Don’t look for Frontier in the Journal of San Diego History or in any of those big picture books that Neil Morgan used to crank out. The only people who really remember the project are the people who lived there. Old timers who didn’t live there, even folks who drove past Frontier every day, will give you all kinds of cockeyed answers when you ask about it. “Oh, yeah, you mean those military barracks.” “Frontier? That was Navy housing.” Someone might even offer that 1950s misconception that Lait and Mortimer provide in USA Confidential: “a low-income housing project for Mexicans and Negroes.”
No. Frontier was a war-workers’ project, built mainly to house Convair employees and their families. And while this may be the first time you’ve ever heard of the project, you probably know the site fairly well. It’s that strip mall hell and industrial shantytown intersected by Midway and Rosecrans and Sports Arena Boulevard. Land of nudie shows and junk-food shops. A region so bleak and sprawling that it invites motorists to wonder, as they whiz past on I-5 or 8, “Is this place just naturally ugly, or did someone plan it this way?”

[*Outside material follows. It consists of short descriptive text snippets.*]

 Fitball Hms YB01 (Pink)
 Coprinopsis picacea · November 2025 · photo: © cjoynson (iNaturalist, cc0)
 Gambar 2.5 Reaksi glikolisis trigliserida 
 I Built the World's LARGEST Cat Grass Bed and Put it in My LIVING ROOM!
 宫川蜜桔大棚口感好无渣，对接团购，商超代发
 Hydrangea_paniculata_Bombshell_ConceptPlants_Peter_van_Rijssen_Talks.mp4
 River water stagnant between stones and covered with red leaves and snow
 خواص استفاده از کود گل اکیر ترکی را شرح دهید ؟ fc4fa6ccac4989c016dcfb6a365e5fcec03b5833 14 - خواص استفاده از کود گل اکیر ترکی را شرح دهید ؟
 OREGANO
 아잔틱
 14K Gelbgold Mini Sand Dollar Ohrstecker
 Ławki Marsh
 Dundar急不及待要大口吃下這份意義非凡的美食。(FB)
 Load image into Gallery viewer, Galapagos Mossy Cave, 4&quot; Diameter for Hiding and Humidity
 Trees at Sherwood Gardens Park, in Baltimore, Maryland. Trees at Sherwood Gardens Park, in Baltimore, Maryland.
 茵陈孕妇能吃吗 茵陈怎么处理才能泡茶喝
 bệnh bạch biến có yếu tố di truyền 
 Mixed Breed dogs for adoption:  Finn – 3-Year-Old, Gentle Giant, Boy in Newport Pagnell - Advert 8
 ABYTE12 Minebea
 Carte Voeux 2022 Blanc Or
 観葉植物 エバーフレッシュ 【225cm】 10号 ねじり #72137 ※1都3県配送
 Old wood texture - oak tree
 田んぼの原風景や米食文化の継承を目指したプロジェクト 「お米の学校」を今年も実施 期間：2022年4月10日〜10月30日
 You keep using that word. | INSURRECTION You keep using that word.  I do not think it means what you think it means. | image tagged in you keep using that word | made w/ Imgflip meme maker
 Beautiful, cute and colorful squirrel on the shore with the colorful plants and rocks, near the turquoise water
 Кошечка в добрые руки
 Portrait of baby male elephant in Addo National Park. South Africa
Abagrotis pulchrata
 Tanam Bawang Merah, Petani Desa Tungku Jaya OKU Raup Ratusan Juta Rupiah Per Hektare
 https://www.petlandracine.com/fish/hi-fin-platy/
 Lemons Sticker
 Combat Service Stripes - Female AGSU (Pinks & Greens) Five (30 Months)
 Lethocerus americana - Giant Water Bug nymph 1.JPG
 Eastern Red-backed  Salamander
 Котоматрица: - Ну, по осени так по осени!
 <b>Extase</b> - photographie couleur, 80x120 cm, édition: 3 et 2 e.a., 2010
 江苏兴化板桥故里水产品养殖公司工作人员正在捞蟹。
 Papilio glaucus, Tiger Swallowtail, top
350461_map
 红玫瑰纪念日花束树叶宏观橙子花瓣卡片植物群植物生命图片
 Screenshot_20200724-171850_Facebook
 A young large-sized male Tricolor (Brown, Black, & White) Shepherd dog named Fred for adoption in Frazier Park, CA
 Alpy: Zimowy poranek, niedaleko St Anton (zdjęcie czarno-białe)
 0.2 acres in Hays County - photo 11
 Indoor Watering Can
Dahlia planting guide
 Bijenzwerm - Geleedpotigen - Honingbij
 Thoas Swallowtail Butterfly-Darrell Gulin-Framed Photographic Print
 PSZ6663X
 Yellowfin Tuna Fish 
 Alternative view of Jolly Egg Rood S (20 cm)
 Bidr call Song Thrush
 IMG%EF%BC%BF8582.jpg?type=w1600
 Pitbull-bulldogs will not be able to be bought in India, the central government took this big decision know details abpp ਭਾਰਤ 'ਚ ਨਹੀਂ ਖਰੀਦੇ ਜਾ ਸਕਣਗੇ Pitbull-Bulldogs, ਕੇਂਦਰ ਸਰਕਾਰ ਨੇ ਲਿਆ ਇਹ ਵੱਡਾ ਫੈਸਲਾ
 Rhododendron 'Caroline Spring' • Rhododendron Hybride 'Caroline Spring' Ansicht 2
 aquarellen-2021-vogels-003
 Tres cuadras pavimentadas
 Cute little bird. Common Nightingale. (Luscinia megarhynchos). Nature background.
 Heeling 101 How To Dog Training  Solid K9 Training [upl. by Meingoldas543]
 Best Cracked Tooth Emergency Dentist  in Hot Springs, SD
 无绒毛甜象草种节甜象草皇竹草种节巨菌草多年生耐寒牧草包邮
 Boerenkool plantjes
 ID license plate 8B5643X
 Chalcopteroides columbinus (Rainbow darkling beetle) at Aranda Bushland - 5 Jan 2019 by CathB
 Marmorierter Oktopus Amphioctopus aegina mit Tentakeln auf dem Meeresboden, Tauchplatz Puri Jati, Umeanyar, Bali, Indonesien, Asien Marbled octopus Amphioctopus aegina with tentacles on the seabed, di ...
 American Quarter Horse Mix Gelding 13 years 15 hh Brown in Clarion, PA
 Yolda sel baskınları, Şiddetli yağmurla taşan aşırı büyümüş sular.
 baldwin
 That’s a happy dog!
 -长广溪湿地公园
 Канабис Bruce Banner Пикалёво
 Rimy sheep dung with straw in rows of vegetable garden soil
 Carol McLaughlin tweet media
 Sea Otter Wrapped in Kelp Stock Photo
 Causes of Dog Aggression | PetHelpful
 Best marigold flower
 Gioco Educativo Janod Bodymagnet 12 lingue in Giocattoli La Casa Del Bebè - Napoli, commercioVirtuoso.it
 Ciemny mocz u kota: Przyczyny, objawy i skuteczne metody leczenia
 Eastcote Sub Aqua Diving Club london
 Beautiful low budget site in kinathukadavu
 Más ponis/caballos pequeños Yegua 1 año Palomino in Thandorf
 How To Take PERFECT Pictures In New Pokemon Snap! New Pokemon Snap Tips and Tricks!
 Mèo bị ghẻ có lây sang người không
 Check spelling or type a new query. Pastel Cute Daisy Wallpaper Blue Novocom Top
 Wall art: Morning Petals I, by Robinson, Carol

Yes. The area started out as an unattractive locale, and development made it even uglier. At one time, say, 100 years ago, it was a dusty, dry river bottom with little vegetation and a high water table of seawater. Its most prominent feature was a long levee that the government had built to tame the springtime flooding of the meandering San Diego River. Sometimes the dike held, sometimes it didn’t.